Free Willy is presented in its original aspect ratio of 1.78:1. The 1080p image is arrived at with an AVC MPEG-4 codec at an average 30 mbps. For a direct to video release it all looks rather good. Colors are very natural. The detail level is impressive. The close-ups of the real whale reveal a tremendous amount of texture to the animal. Unfortunately, the CG shots too obviously lack that detail, making them match not at all in high definition. Black levels are a little better than average. The print is in perfect condition.
The DTS-HD Master 5.1 audio just doesn’t deliver much here. I was hoping that at least the clicks and squeals of the whales would allow for some nice surround effect. Instead everything has a bland sense of placement to it. Dialog is fine, and you can hear everything just fine, but where’s the WOW?

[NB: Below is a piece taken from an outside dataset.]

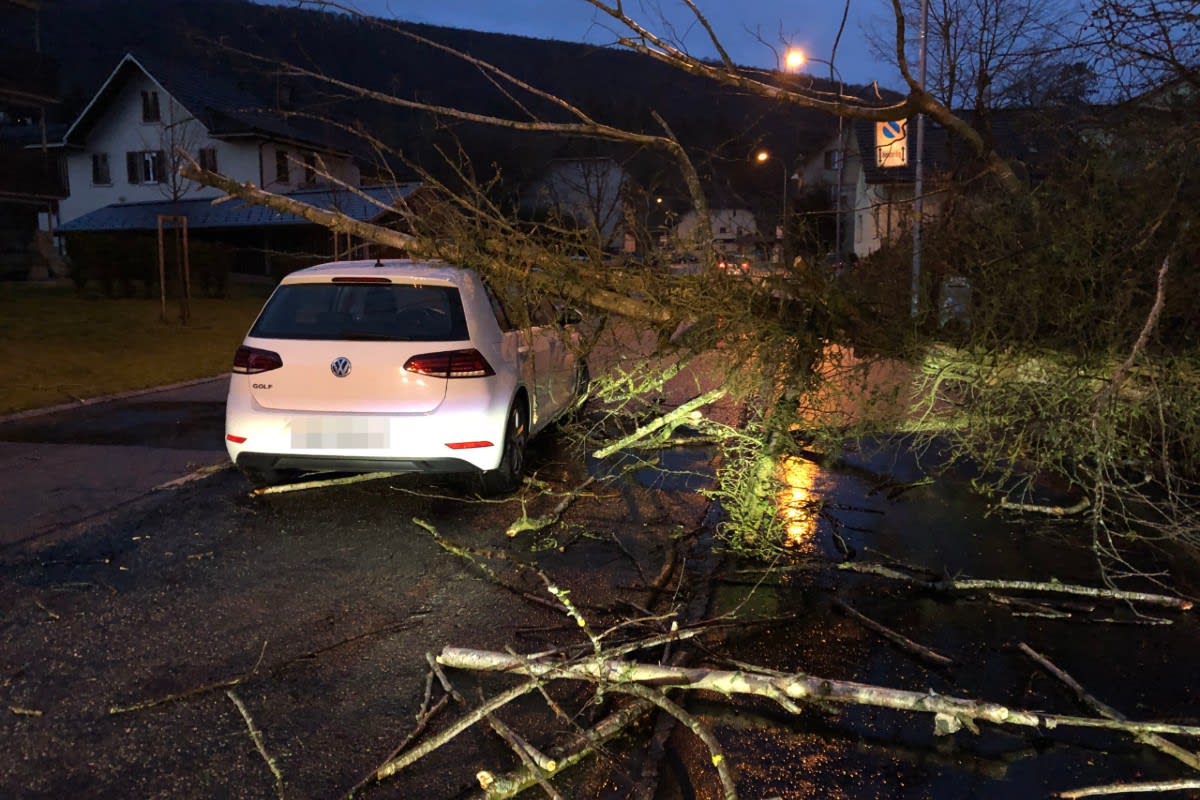 Kanton Solothurn - Sturmtief «Sabine» – Bilanz der Kapo Solothurn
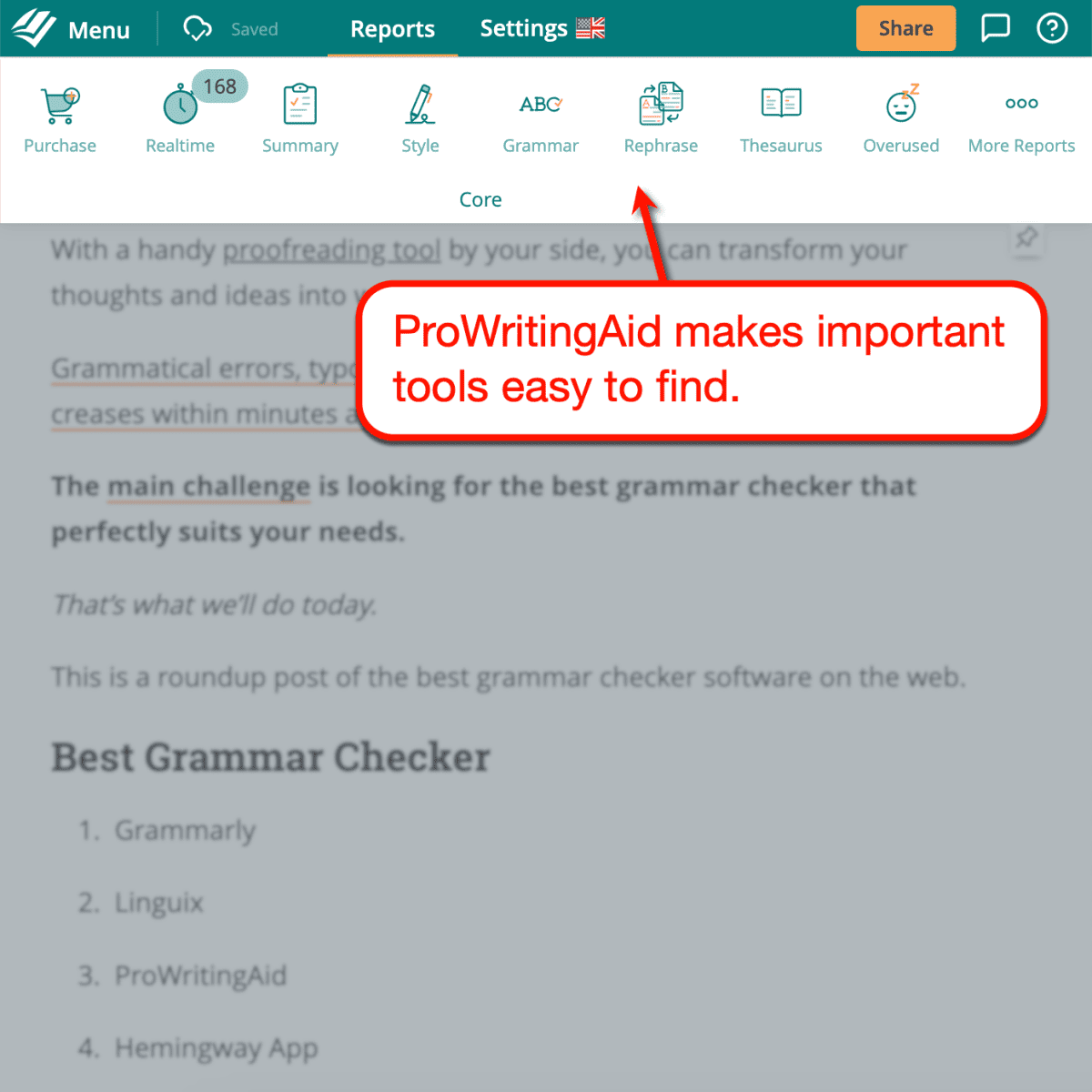 ProWritingAid main interface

All of the extras are presented in HD.
On The Set Of Free Willy – Greetings From South Africa: (7:38) Most of this is synopsis and a lot of talk about Bindi.
Meet My Wild Co-Stars: (3:10) Bindi introduces you to the animals she worked with.
Bindi’s First Movie Video Diary: (4:28) You see, this is the kind of thing that makes this look so exploitive. It’s all Bindi, all the time. She frolics day to day on the set of the film.
There are also 2 deleted and one outtake scene.
There’s a lot of focus on Bindi here, and it’s quite obvious this was intended more as a vehicle for her than anything else. There’s a filler segment where she visits a nature preserve so that she can interact with some other animals. It all looks like a segment from her show. I think I might have it enjoyed it more if I didn’t see so many examples of this being all about Bindi. The whale is really second here. Again, this really has no connection to the older franchise which begs the question, “Why did she have to name him Willy?”